「第58回婦人の地位委員会(CSW)」の成果に関するステートメント

  • 2014/04/03

第58回女性の地位委員会の成果に関するプムジレ・ムランボ‐ヌクカ事務局長のステートメント

〈ニューヨーク〉.UN Womenは第58回女性の地位委員会の成果を歓迎します。 改革を目指すグローバル開発アジェンダは女性・女児のエンパワメントを中心に据えていますが、今回の会議で得られた合意はその一里塚といえましょう。

加盟国がMDGsのデザインや実施に欠陥があると分析しましたが、これは国際社会が総合的なポスト2015アジェンダを作る上で貴重な指針となります。委員会が指摘したように、ジェンダーによる報酬の不公平、女性に過重な無報酬の育児・介護労働、女性の意思決定参加率の低さ、差別的態度・規範・法制度などが前進を妨げています。委員会はMDGsが十分に扱ってない問題を見つけて、それに取り組むように勧告しました。

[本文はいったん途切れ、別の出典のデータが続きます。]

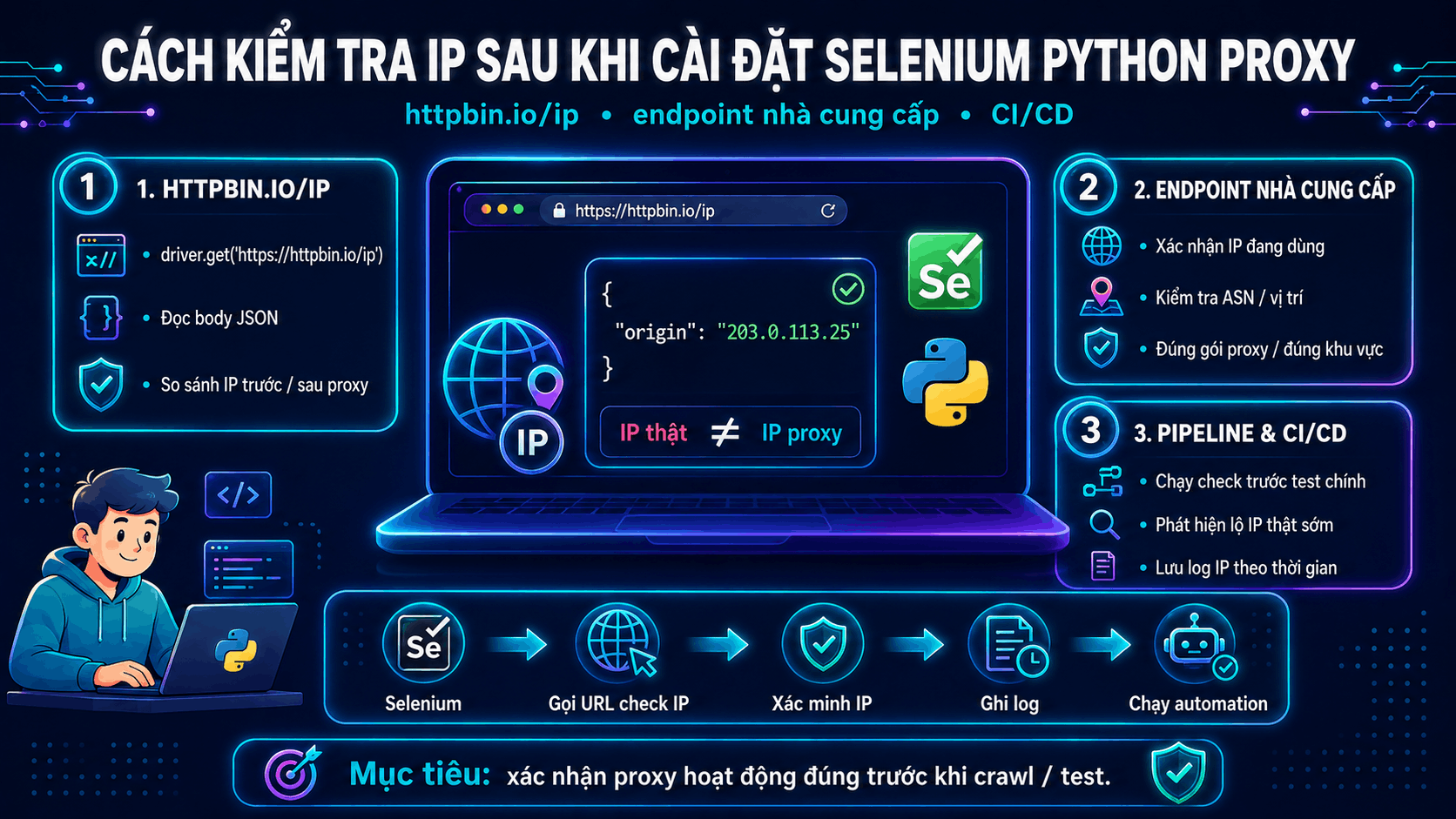 C&aacute;ch kiểm tra IP sau khi c&agrave;i đặt Selenium Python proxy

特に、加盟国は世界中の女性・女児を襲っている暴力の広がりを強調しました。委員会はまた質の高い教育、土地やその他の財産の所有・管理、女性の性・生殖に関する保健、リプロダクティブ・ライツなどを含む、女性の機会・資源へのアクセスを十分かつ早急に確保する必要があると指摘し、女性が公的部門およびプライベート・セクターの意思決定に十分参加できるよう、暫定的特別措置を含め、何らかの対策をとるべきだと勧告しました。

安全、人権、女性のエンパワメントはポスト2015に関する討議の中心を占めています。UN Womenは加盟国の多くがこれらの問題に取り組む維持可能な開発目標に支持を表明してくれたことに大いに勇気づけられました。この実現にはそれなりの資源に裏打ちされた政治的意思が必要でしょう。委員会がいみじくも指摘しているように、ジェンダー平等や女性のエンパワメントへの資金支援はまだ十分とは言えません。女性・女児への投資は大幅に増やさなくてはなりません。加盟国も強調しているように、これは維持可能な経済成長に相乗効果をもたらすでしょう。

女性の平等は人類の進歩であることは周知の事実です。未来の全体地図を作ればこの前提・約束を実現できます。58回女性の地位委員会は男女平等の実現に大きな弾みをつけてくれました。